Hacker News new | ask | show | jobs
by vog 3574 days ago
I was also wondering about this one.

This may make sense if you have custom fields, i.e. the set of keys is user-defined and ever increasing.

Apart from that, there is no reason to do this. If it is all about avoiding having "too many" columns and/or "too may" null values, then I'd say: Don't worry. Just use as many columns as you need.

I would even go one step further and say: It is a common anti-pattern to introduce generic key-value stores (through a separate table, JSON structures or XML structures) without a compelling reason.

3 comments

I'll add another reason: subtle application issues creep in with value states.

With JSONB I can receive a boolean element with five states: null, true, false, invalid (i.e. actually a string, number or array value), or simply nonexistent, and it's up to the application to deal with all such cases. You may have to treat the database as a source of potentially invalid data that must be sanitized.

With regular DB columns you can reasonably assume that a boolean not null column will a) exist for all records and b) return either true or false. You need only scan the database schema at application start to verify this.

On the other hand, if you're using JSONB for an options structure then the possibility of key nonexistence may actually be useful, since it implies "use system default". (Yes this can differ from the meaning of a NULL value, especially if you are merging options structures).
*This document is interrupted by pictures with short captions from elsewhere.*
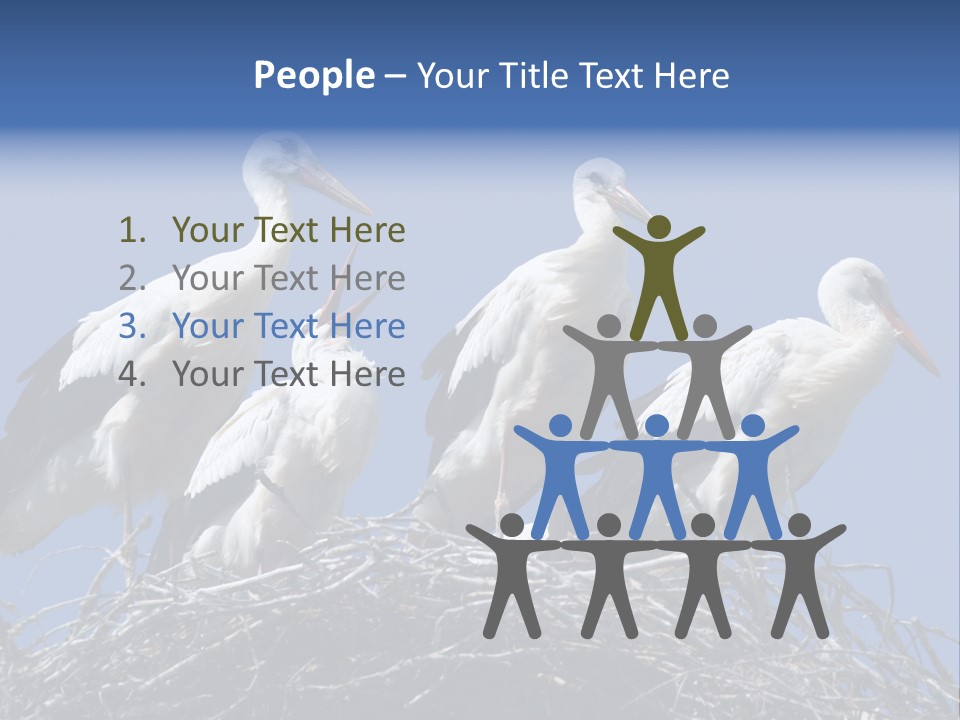 Migrate Pure Black PowerPoint Template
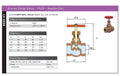 Bronze Globe Valve PN25 Needle Disc - Screwed BSPP product specifications and dimensions chart.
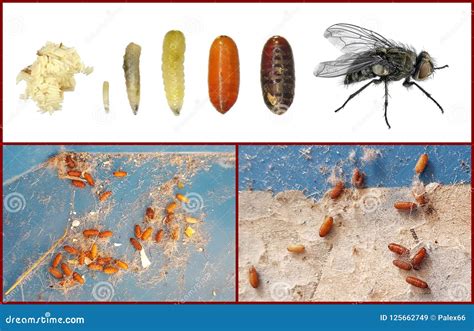 Do Flies Lay Eggs In Vents at Alonzo Caraway blog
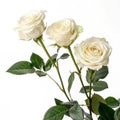 Three white roses on white background Royalty Free Stock Photo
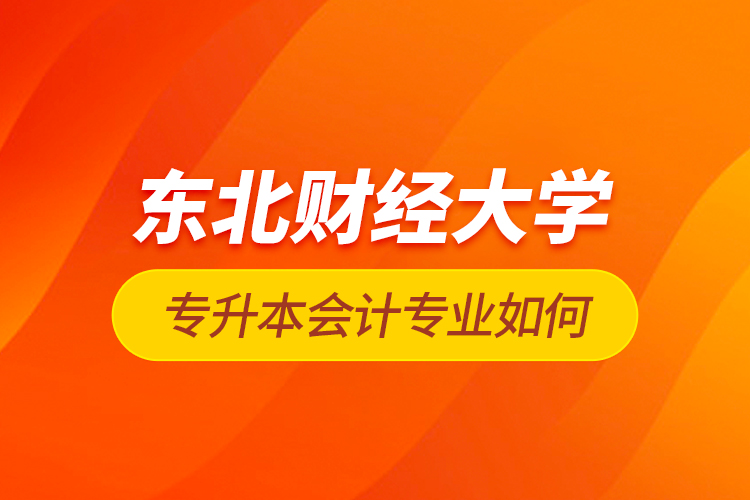 東北財經大學專升本會計專業(yè)如何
You might question whether it is wise to have a "boolean" key/value pair with four semantically distinct states. I can only say I have done this and I am not proud of it.

To be fair, you can write CHECK conditions which are arbitrary expressions involving JSONB values. Though at that point you might as well just use a normal column.
By the way, another related anti-pattern is the introduction of an additional table that has a 1:1 relationship to the original table. Because the original table was "full" of columns, or something, so a second table had to be opened to contain the remaining columns.
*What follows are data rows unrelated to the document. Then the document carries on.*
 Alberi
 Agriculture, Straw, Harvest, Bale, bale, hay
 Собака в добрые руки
This is an anti-pattern because you can't model "1:1" that way. Instead, it will be "1:0..1", and now you have some nasty corner cases when the first table has an entry whose counterpart in the second table is missing. Also, when using a column now you always have to think about which table had it - the first or the second table?

I had to work with such a design in a real-world project and it was really annoying.
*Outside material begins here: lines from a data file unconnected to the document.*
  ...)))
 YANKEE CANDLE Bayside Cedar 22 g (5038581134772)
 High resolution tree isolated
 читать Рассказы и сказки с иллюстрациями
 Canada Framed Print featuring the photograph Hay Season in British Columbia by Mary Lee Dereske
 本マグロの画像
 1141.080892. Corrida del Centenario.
The way I have seen for the issue of which table is to introduce a view and setup triggers on the view to run a stored proc when you insert or update it to handle all the tables....
Ick. I use 1:0..1 tables commonly. But not 1:1. Ick.
Just a note that NULL columns take up very little space in Postgres. IIRC there is a NULL bitmap for every row. So yes, don't worry and just use columns, if the columns are actually part of your schema.
This is correct. Postgres keeps a bitmap in each row that designates which of the rows are null. Postgres initially allocates one byte for the bitmap so it will work for up to eight columns. Once your table has more than 8 columns, postgres will allocate eights bytes for an additional 64 columns. That means if you have more than 8 columns, you can keep making "optional" fields proper columns until you have a total of 72 columns because null values are completely free.